# Ngô Quốc Anh

## September 17, 2007

### Bất đẳng thức cho dãy Lalescu

Filed under: Các Bài Tập Nhỏ — Ngô Quốc Anh @ 6:00

Prove that for the T. Lalescu‘s sequence $L_{n}=\sqrt [n+1]{(n+1) !}-\sqrt [n]{n!}$ exists the “clenching$\left(\frac{n}{n+1}\right)^{n+1}< L_{n}<\left(\frac{n}{n+1}\right)^{n}$.

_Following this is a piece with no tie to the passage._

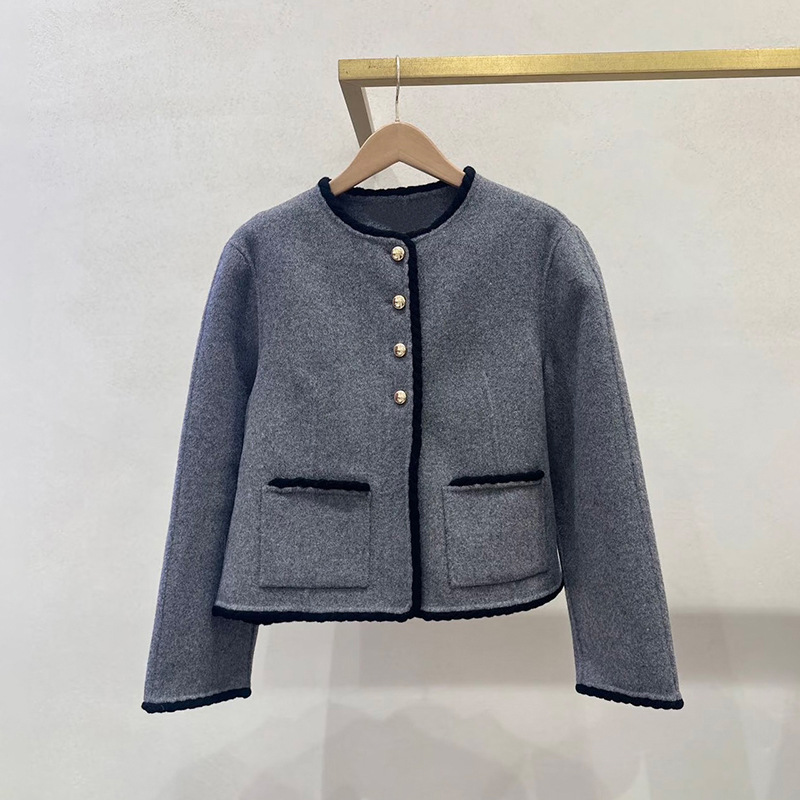 Women Contrast Color Wavy Edge Woolen Short Jacket Gold Buckle Lady Round Neck Fashion Gray Coat Autumn Winter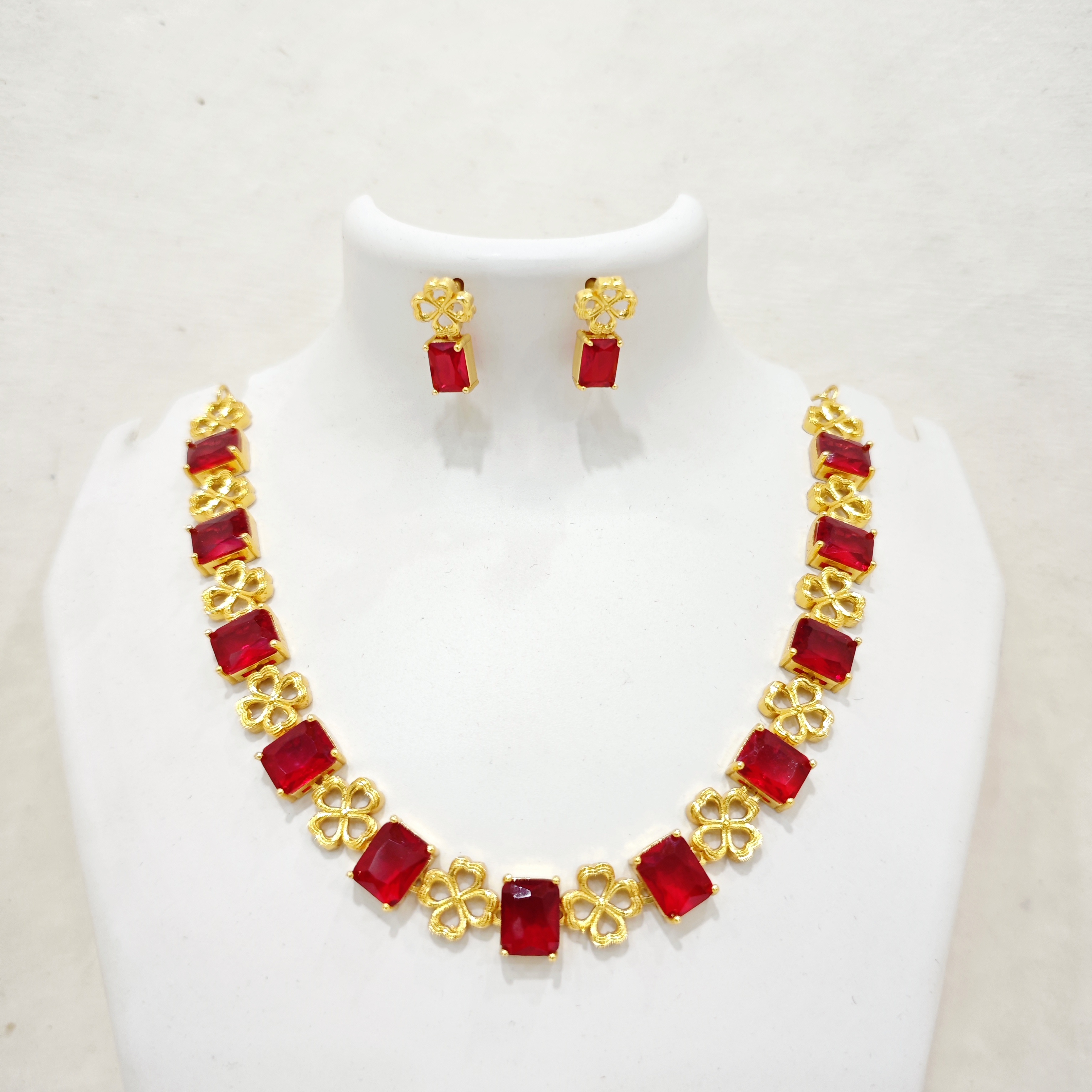 Red Stone Floral Gold-Plated Necklace Set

$1\blacktriangleright$ $\mathrm{L.H.S.\ : }$ Here is a nice and dificult problem (if is possible, without derivatives) !
$2\blacktriangleright$ $\mathrm{R.H.S.\ :\ G.M.\le A.M.\ for\ }$
$x_{k}: =\left\{\begin{array}{ccc}\frac{\sqrt [n]{n!}}{n}&\mathrm{if}& k\in\overline{1,n}\\ \\ \left(\frac{n}{n+1}\right)^{n}&\mathrm{if}& k = n+1\end{array}\right\|$
$\frac{n\cdot\frac{\sqrt [n]{n!}}{n}+\left(\frac{n}{n+1}\right)^{n}}{n+1}>$ $\sqrt [n+1]{\left(\frac{\sqrt [n]{n!}}{n}\right)^{n}\cdot\left(\frac{n}{n+1}\right)^{n}}=$

$\frac{\sqrt [n+1]{(n+1)!}}{n+1}\implies$ $\sqrt [n]{n!}+\left(\frac{n}{n+1}\right)^{n}>\sqrt [n+1]{(n+1)!}\implies$ $\sqrt [n+1]{(n+1)!}-\sqrt [n]{n!}<\left(\frac{n}{n+1}\right)^{n}$ $\implies$ $L_{n}<\left(\frac{n}{n+1}\right)^{n}$.

Remark.
$\lim_{n\to\infty }\left(\frac{n}{n+1}\right)^{n}=\frac{1}{e}\implies\boxed{\ \lim_{n\to\infty}\left(\sqrt [n+1]{(n+1)!}-\sqrt [n]{n!}\right)=\frac{1}{e}\ }$.